● **Task prompt**
The answer is the data repeated in full, with no pictures included.

Collected data entries:
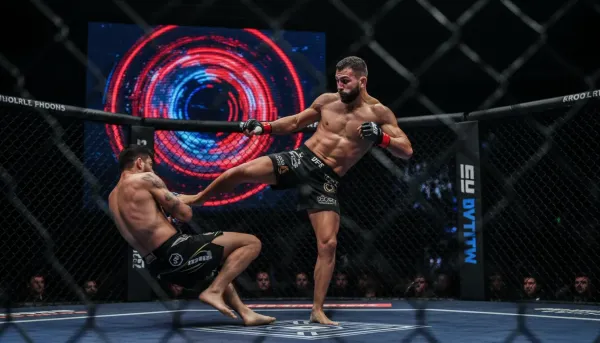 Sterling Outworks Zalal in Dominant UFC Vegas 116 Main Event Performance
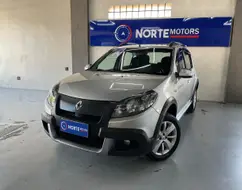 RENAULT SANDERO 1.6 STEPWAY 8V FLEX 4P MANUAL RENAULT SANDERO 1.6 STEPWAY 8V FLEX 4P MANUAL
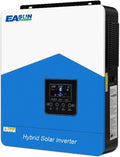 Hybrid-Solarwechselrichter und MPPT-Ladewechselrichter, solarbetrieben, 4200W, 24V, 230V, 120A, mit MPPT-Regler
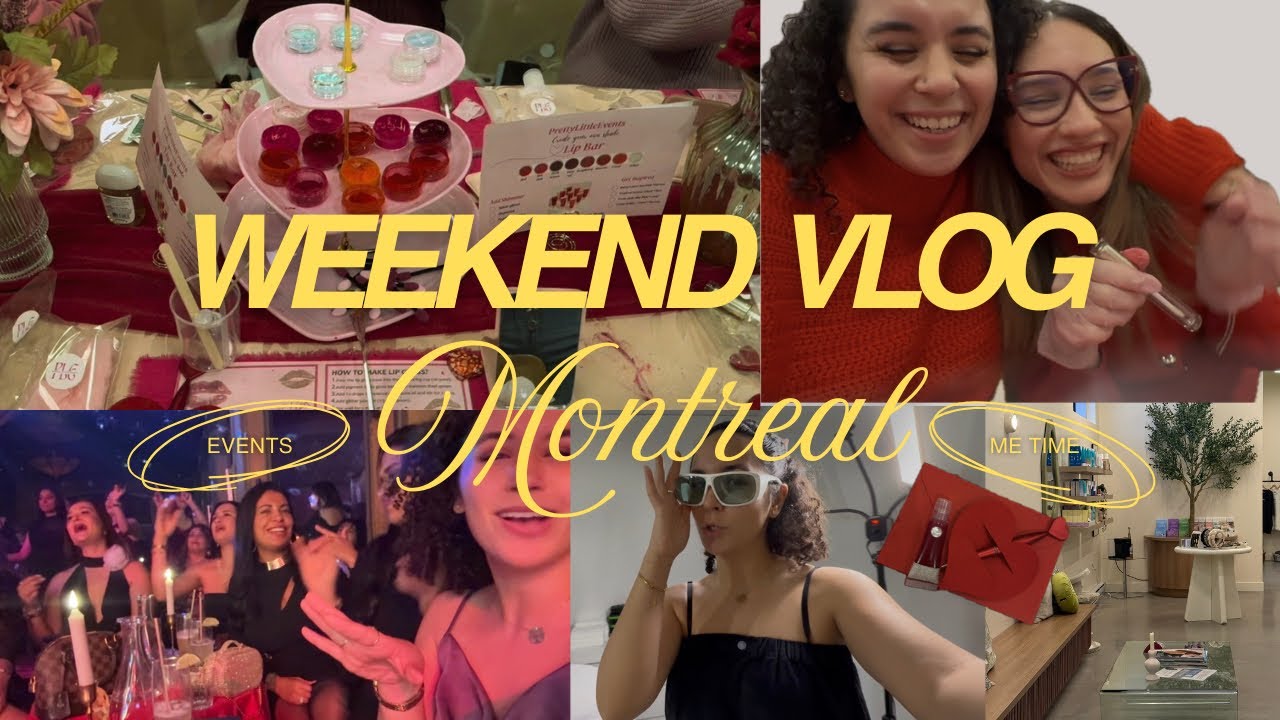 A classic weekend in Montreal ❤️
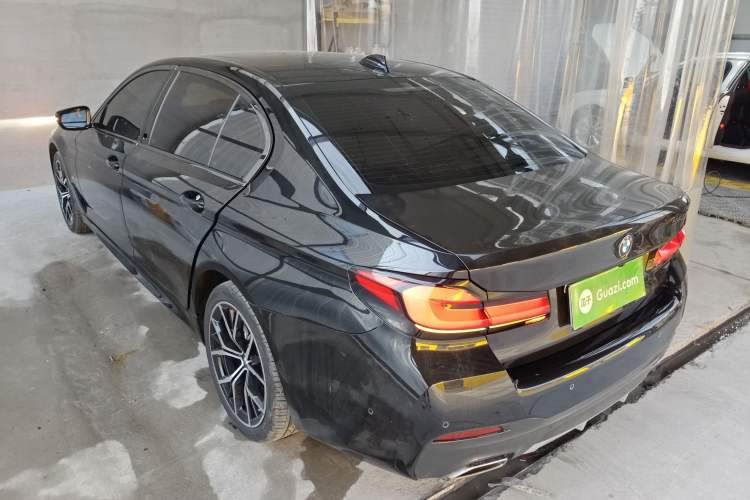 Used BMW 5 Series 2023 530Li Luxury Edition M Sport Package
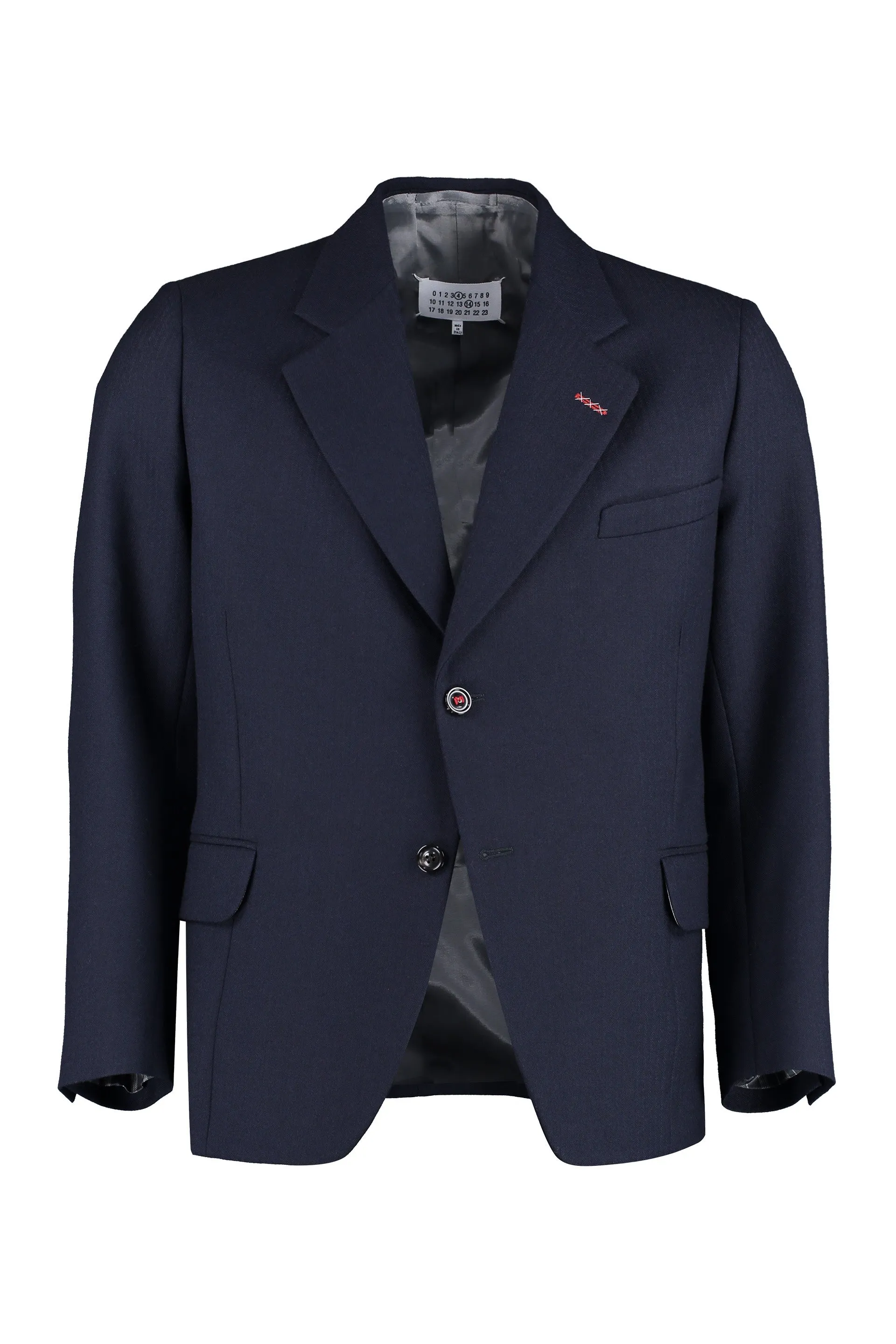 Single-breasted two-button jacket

● **Finished exercise**
 Sterling Outworks Zalal in Dominant UFC Vegas 116 Main Event Performance
 RENAULT SANDERO 1.6 STEPWAY 8V FLEX 4P MANUAL RENAULT SANDERO 1.6 STEPWAY 8V FLEX 4P MANUAL
 Hybrid-Solarwechselrichter und MPPT-Ladewechselrichter, solarbetrieben, 4200W, 24V, 230V, 120A, mit MPPT-Regler
 A classic weekend in Montreal ❤️
 Used BMW 5 Series 2023 530Li Luxury Edition M Sport Package
 Single-breasted two-button jacket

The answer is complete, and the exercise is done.